Now first, the cause. At first sight it is simply  a judgment on a despot who refuses to heed God’s call to let His people go, to let Israel go. It is that simple and that call comes again and again and Pharaoh’s refusal is a demonstration of a hard heart and a pride that goes with it. However, when one considers the state of Egypt we find that not only was it ruled over by an all-powerful despot, but it was incredibly superstitious, worshipping ‘gods’ of all kinds and some suggest that the plagues attack the fundamental believe in the (occult) powers of these ‘gods’ and included in that might be the belief in the deity of the Pharaoh.

We may be able to suggest, therefore, that the Lord was bringing judgment on each of these things and specifically used the presence of His people in Egypt as the stumbling block over which Pharaoh would fall. In that case it was a plan that had been made known over four hundred years earlier when the Lord spoke to Abram, Know for certain that your descendants will be strangers in a country not their own, and they will be enslaved and mistreated four hundred years. But I will punish the nation they serve as slaves, and afterward they will come out with great possessions.” (Gen 15:13,14) This was no accident, something that caught the Lord by surprise. The Lord never made Israel stay in Egypt and in their early years there they could have easily returned to Canaan but perhaps their prosperity and well-being in Egypt kept them there psychologically.

The biggest two things to note about these plagues is that a) they were clearly spelt out to Pharaoh and his people and b) there is a gradual intensity in the power and effect of each developing ‘plague’. This has got to be the greatest example in history of God giving opportunity after opportunity to a people to repent. It is probably also, therefore, the greatest example in history of the crass stupidity of the despot and his people and may speak to the slave mentality that occultic activity and sin produces.
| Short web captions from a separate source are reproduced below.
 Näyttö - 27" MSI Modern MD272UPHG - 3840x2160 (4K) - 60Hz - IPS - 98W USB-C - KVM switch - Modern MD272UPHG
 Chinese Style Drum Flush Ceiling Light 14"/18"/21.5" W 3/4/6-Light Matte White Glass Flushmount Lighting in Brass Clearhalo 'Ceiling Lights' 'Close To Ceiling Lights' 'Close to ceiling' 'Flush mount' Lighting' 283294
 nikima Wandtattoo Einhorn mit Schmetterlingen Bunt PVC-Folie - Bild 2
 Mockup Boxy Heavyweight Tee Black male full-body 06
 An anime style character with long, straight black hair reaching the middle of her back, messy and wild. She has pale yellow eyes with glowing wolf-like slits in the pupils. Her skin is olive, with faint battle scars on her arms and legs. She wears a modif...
It underlines the Lord’s heart revealed through Ezekiel, “Do I take any pleasure in the death of the wicked? declares the Sovereign LORD. Rather, am I not pleased when they turn from their ways and live?” (Ezek 18:23) and “For I take no pleasure in the death of anyone, declares the Sovereign LORD. Repent and live!” (Ezek 18:32) and “As surely as I live, declares the Sovereign LORD, I take no pleasure in the death of the wicked, but rather that they turn from their ways and live. Turn! Turn from your evil ways! Why will you die, O house of Israel?’” (Ezek 33;11) A threefold declaration through the prophet! The plagues of the Exodus reveal a God who holds back and holds back destruction. He could have given one warning and then killed Pharaoh and then sent a plague to wipe out the rest of the country, but instead He chose to give them opportunity after opportunity to repent and be saved while Israel left them.
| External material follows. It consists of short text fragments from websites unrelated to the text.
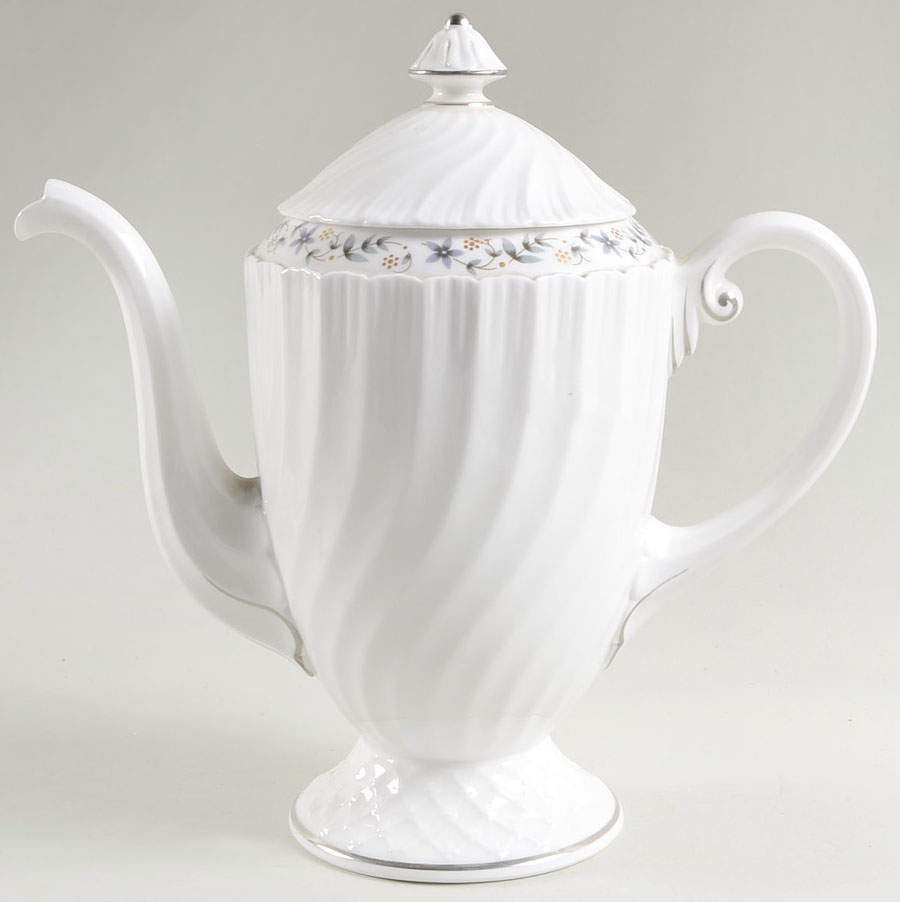 Petite Fleur (Swirl) Coffee Pot & Lid by Royal Worcester-1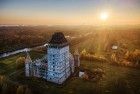 Drone sunset at Almere castle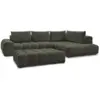 Image de Bobochic canapé d'angle fixe everest tissu chiné avec pouf vert angle droit EVEREST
Listen to God’s intent: “I am the LORD, and I will bring you out from under the yoke of the Egyptians. I will free you from being slaves to them, and I will redeem you with an outstretched arm and with mighty acts of judgment. I will take you as my own people, and I will be your God. Then you will know that I am the LORD your God, who brought you out from under the yoke of the Egyptians.” (Ex 6:6,7) Note the words, “Then you will know”. At the end of this there will be no grounds for doubt. God wants His people to know! (also 7:17, 10:2)

But there is more: “But I will harden Pharaoh’s heart, and though I multiply my miraculous signs and wonders in Egypt, he will not listen to you. Then I will lay my hand on Egypt and with mighty acts of judgment I will bring out my divisions, my people the Israelites. And the Egyptians will know that I am the LORD when I stretch out my hand against Egypt and bring the Israelites out of it.” (Ex 7:3-5)  By the end of all of this the remnant that is Egypt will also KNOW! (see also 8:10,22,  9:14,29,  14:4,18)

Again and again in Scripture we see that the Lord’s intent is to reveal Himself through these things, so that people will know and turn to Him. His desire is to draw all men to himself in order that they may receive all of His blessings.